Then, as you approach the Lamborghini factory and see the name of company founder Ferruccio Lamborghini on one of the street signs, suddenly it all makes sense. Ferruccio, after all, was born to a grape farmer and made his fortune originally by building tractors, some of them still in use on the nearby farms.
As Lamborghini gets ready to celebrate its 50th anniversary next year, we’ve taken some time out to look at the company’s past and see how the modern Lambos hold up against their ancestors. Helping us in our research are two of Lamborghini’s most important models, a Countach and the latest Aventador.
Sitting the two cars side by side, it’s easy to see how far Lamborghini has come in just the past two decades. At the same time, there’s an undeniable link between the two cars, with the wedge profile and no-nonsense look confirming their bloodline.
This particular Countach, by the way, is the 25th Anniversary Edition, which Lamborghini released in 1988. It’s also the very last Countach ever built--Lamborghini took the car out of its official museum, which made hopping behind the wheel very nerve-racking.
Only 658 Countach 25th Anniversary Edition models were built over the span of a year, each of them powered by a 5.2-liter V-12 delivering 455 horsepower and capable of carrying them to a top speed of 183 mph.
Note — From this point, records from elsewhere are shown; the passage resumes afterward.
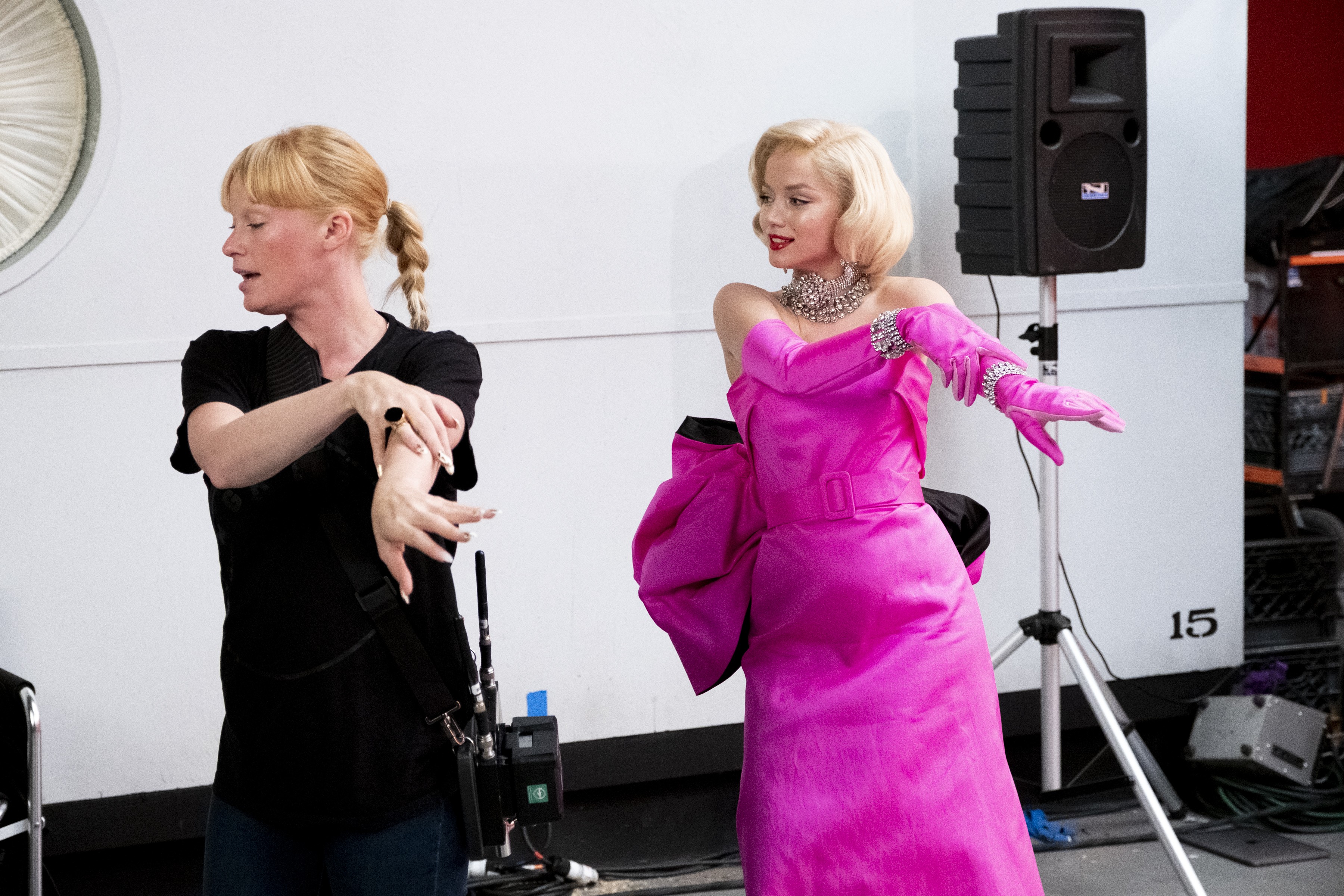A coreógrafa Denna Thomsen e Ana de Armas no set de Blonde   (Foto: Matt Kennedy / Netflix)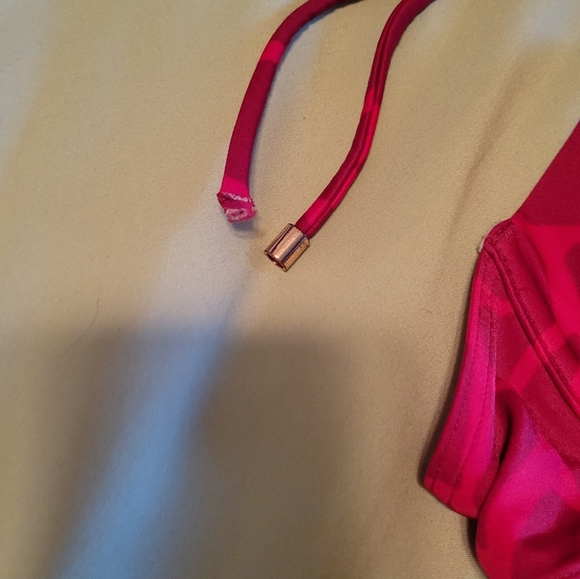 VS Red Bikini w/ gold rings - Picture 3 of 3
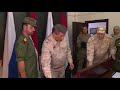 Вручение генералу ВС САР наградного оружия от Министра обороны РФ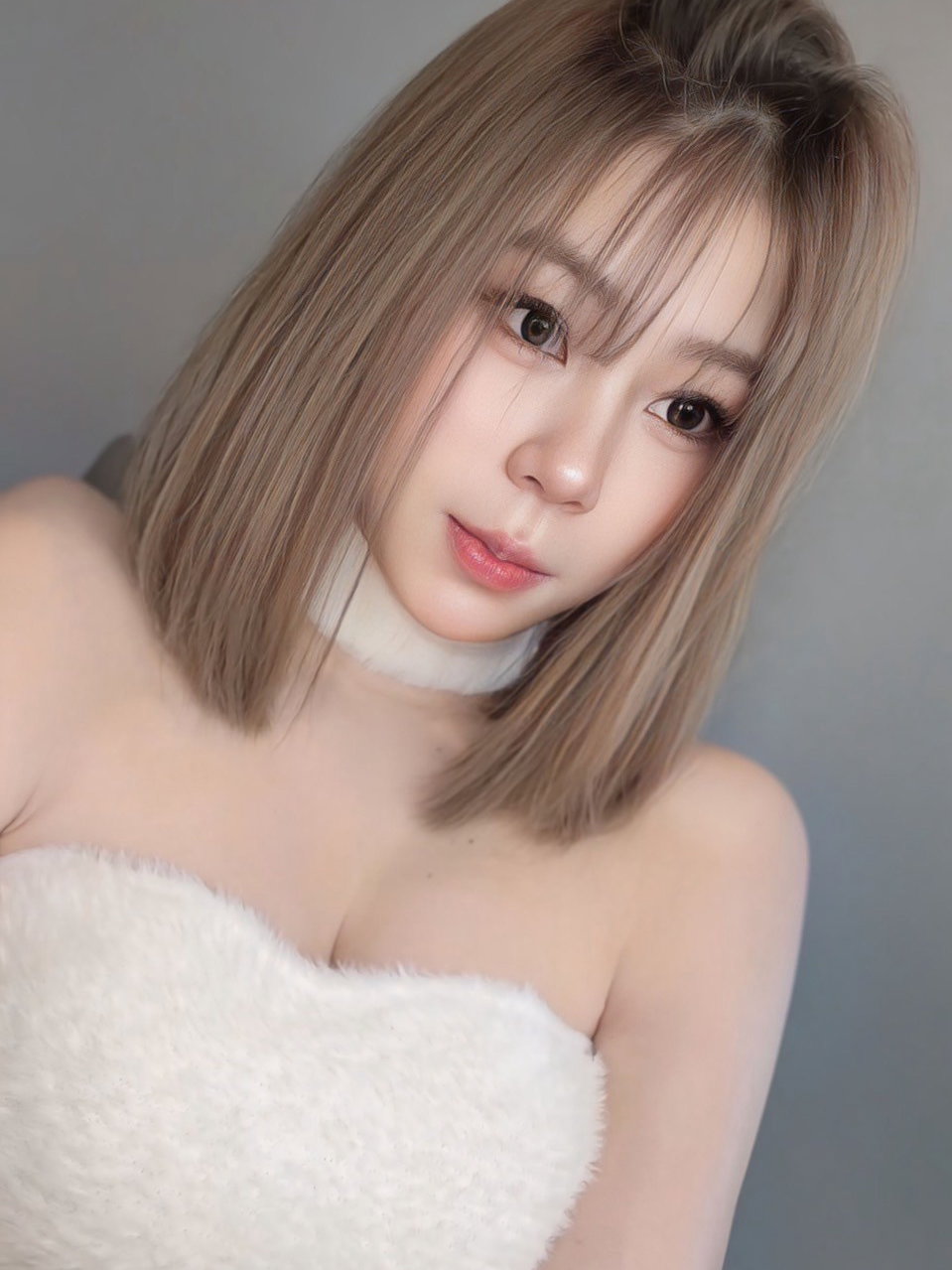 Jenny — photo 2 of 4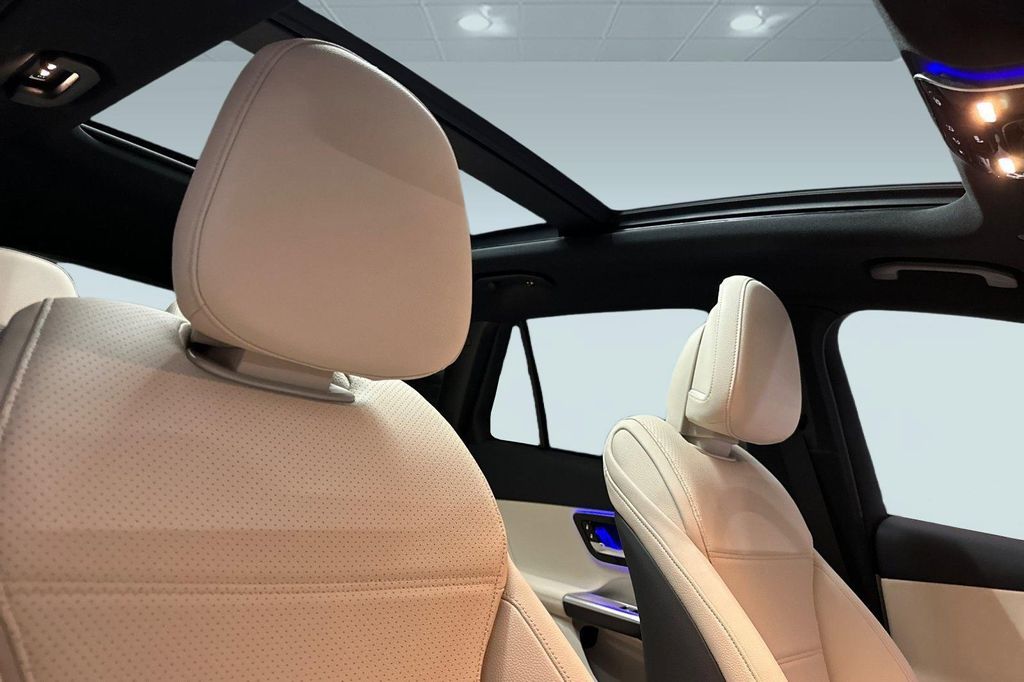 صورة مصغرة 15 لـ 2026 Mercedes-BENZ GLC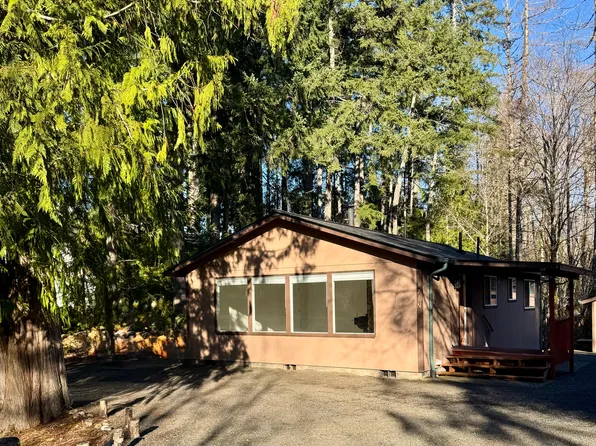 471 N Fairway Dr W, Hoodsport, WA 98548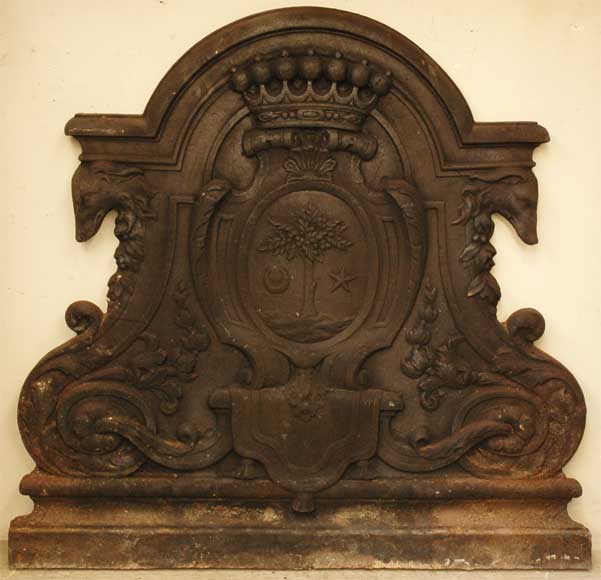 Plaque de cheminée ancienne aux armes de la famille Le Juge et aux têtes de lévriers-0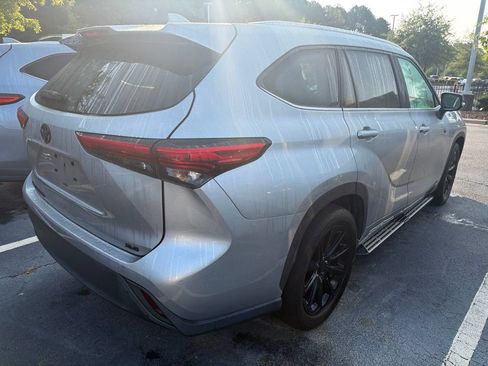 Used 2021 Toyota Highlander XLE FWD image 5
The cars featured new front and side spoilers and modified air vents to set them apart from the previous Countach Quattrovalvole (QV), and handling some of those modifications was none other than Horacio Pagani, who worked at Lamborghini before heading off to start his own supercar company.
Between the launch of the two cars, Lamborghini was bought by Audi. This helped its supercars, which admittedly had a reputation for not being all that reliable, improve dramatically in not only reliability but also refinement. Performance, too, was improved significantly. The new Aventador, for example, will rocket to 60 mph in 2.9 seconds and keep going all the way until it reaches 217 mph.
By modern standards, the Countach feels like a race car. It’s loud, it’s rough and is prone to overheating--before you’re even out of first gear. Moving up and down the gated box makes you feel like your handling a truck at times, but there’s plenty of performance down there once you’re able to stretch the old girl's legs.
By comparison, the Aventador can be quite docile at road legal speeds, although its Independent Shifting Rod gearbox can be a bit unpredictable at lower speeds, sometimes causing the car to jerk violently when you're not expecting. When you drop the hammer, all hell breaks loose and you feel like you’re going to run out of road. That is, until the gearbox shifts up a gear and you’re lunged forward before immediately being thrown back into the seat.
Both cars also sound like nothing else, something you have to experience in this video, filmed by our friends at AutoEmotionenTV and eazy-entertainment. After watching it, we’re sure you’ll agree that even though Lamborghini has evolved considerably over the past 50 years, it hasn’t lost any of the ferociousness the raging bull on its logo personifies.